Exhibit 1: Top-20 Office Markets: Total Vacancy vs. CBD Vacancy Rate Change
Exhibit 2: Top-20 Office Markets: YoY Percent Increase in Sublet Availability
Demand for small offices & collaboration space. While Class A buildings account for the majority of demand losses over the past year, the opposite holds true for mid-and lower-tier office products. Coldwell Banker Commercial professionals have seen frenetic demand for small spaces (under 10,000 square feet) from all types of users - new enterprises, cryptocurrency traders, medical offices, labs, and professional service providers. The majority are owners/users while the balance consists of multi-tenant operators and high-net-worth investors looking to buy the building. Coworking space providers are also seeing an uptick in demand, as their ability to offer flexible leases has become a major strength at a time when big corporations are looking to implement a hub-and-spoke model. Traditional landlords will have to offer enticing amenities to get workers to come in. The question is what will owners and employers provide? The building that succeeds will be those that satisfy the needs of the tenant: more collaboration space, improved ventilation, touchless technology, catered lunches, gyms, childcare, on-site dry cleaning, and easy parking.

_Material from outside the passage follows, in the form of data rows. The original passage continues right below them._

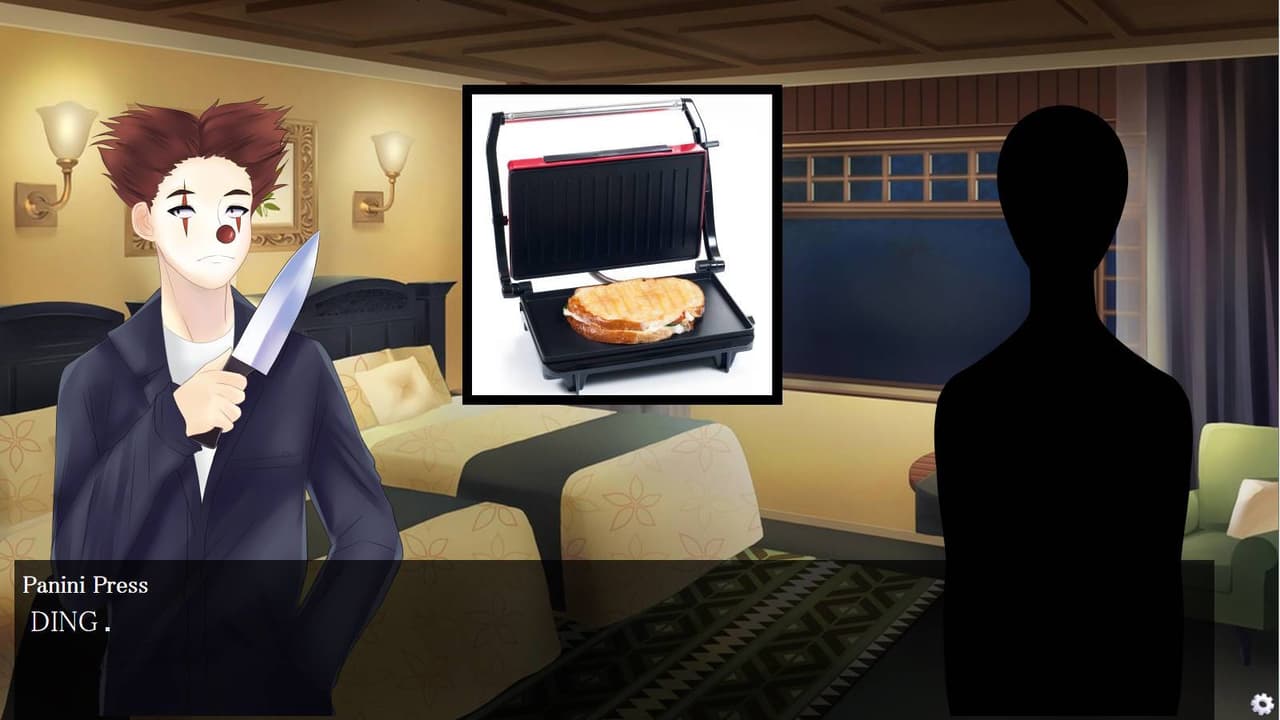 Take The Job screenshot 3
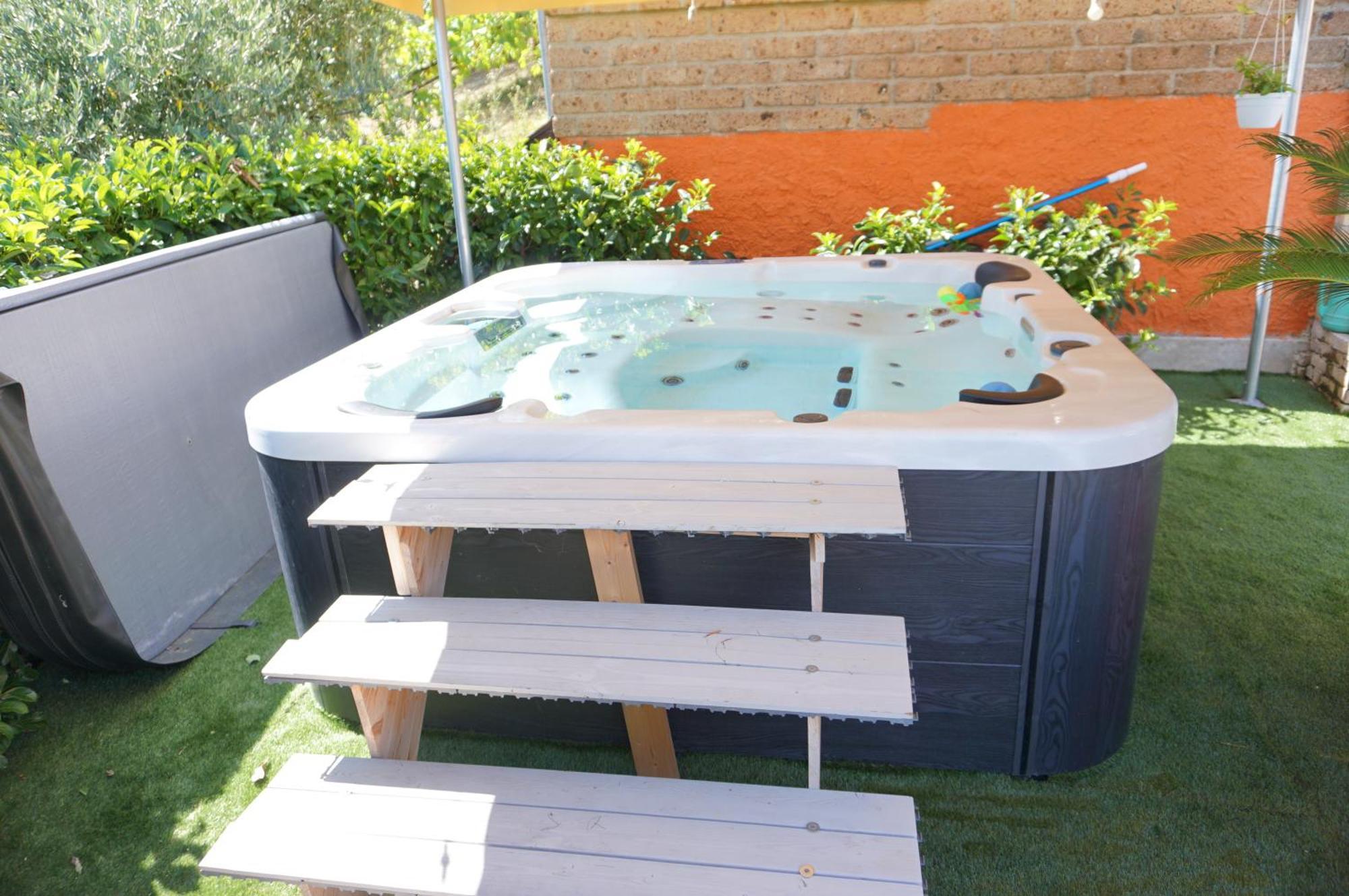לינה וארוחת בוקר אטרי La Terrazza Motta מראה חיצוני תמונה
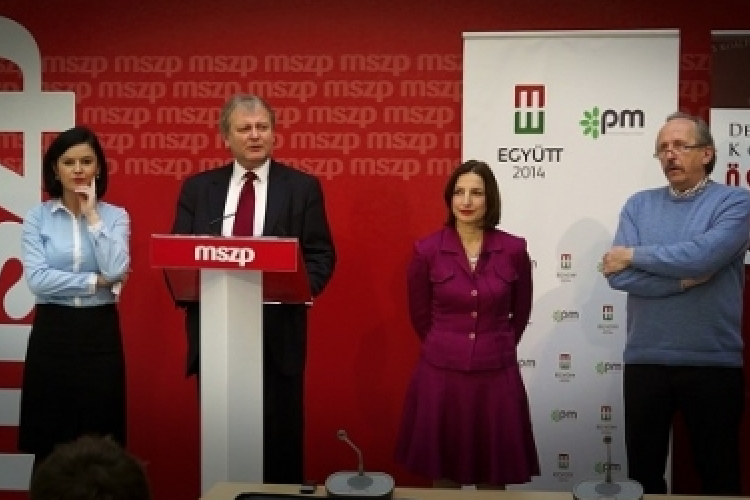 A KLIK nem a megoldás, hanem maga a probléma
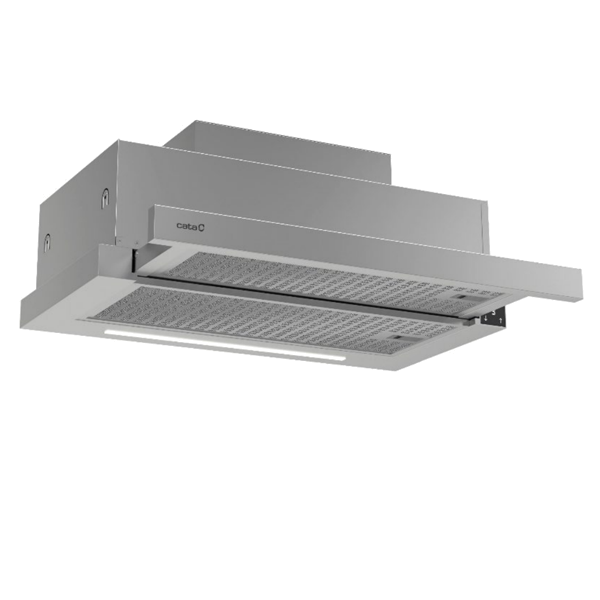 EXAUSTOR CATA  TFH 6830 X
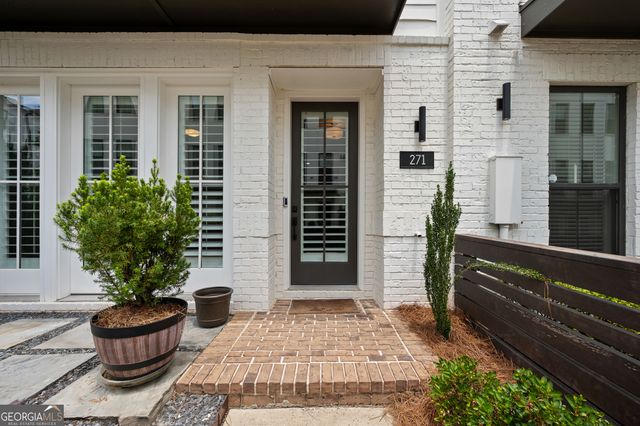 271 Mitchell Lane, Woodstock, GA 30188
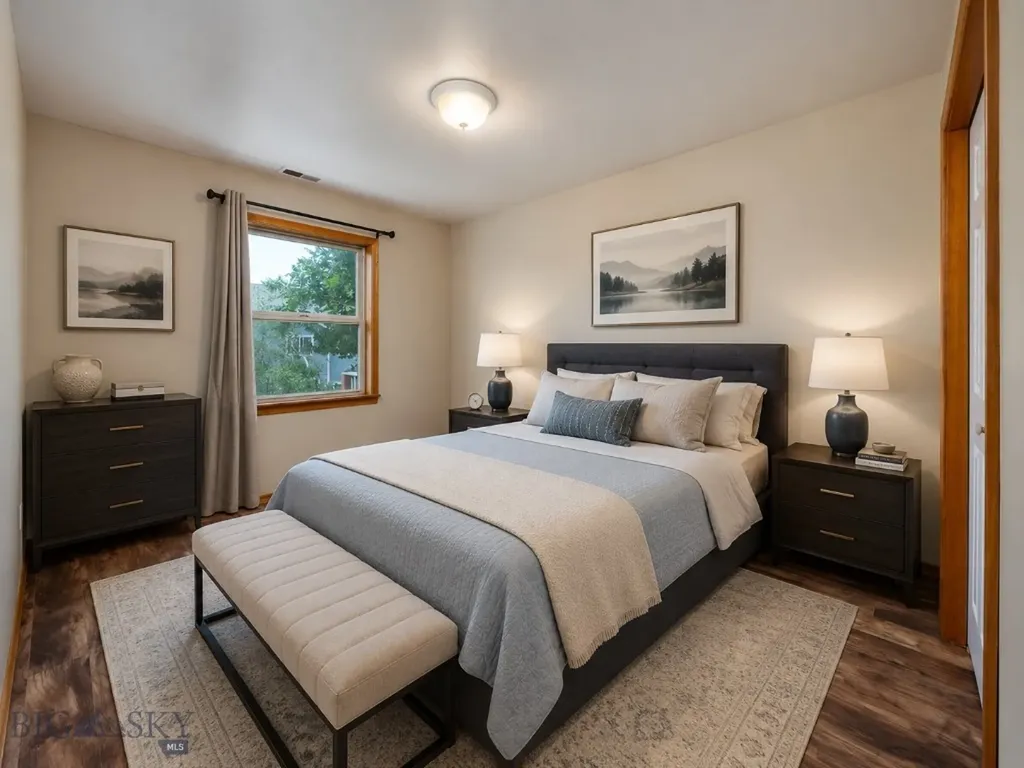 1113 W Park Avenue Belgrade MT 59714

Retail will be all about repurposing. While America remains overstored, the economic recovery is bringing interest back to sit-down restaurants and local retailers who were able to pivot into online sales and curbside delivery during the pandemic. Coldwell Banker Commercial-affiliated professionals across the country are seeing a pickup in bank lending for these neighborhood retail properties. Restaurant bookings to date are up 48%, ahead of pre-pandemic levels in every state but New York (according to Yelp). On the flip side, developers have been eyeing malls hard-hit by the pandemic for conversion to mixed-use residential space. While not a new concept, the acceleration of mass store closures and lease terminations open opportunities for larger-scale master planning. New occupiers will likely give prominence to the live-work-play idea and could include entertainment venues, healthcare clinics, ghost kitchens, cannabis dispensaries, distribution facilities, and e-commerce warehouses. How high will conversion costs go given the dramatic increases in building materials and labor shortages?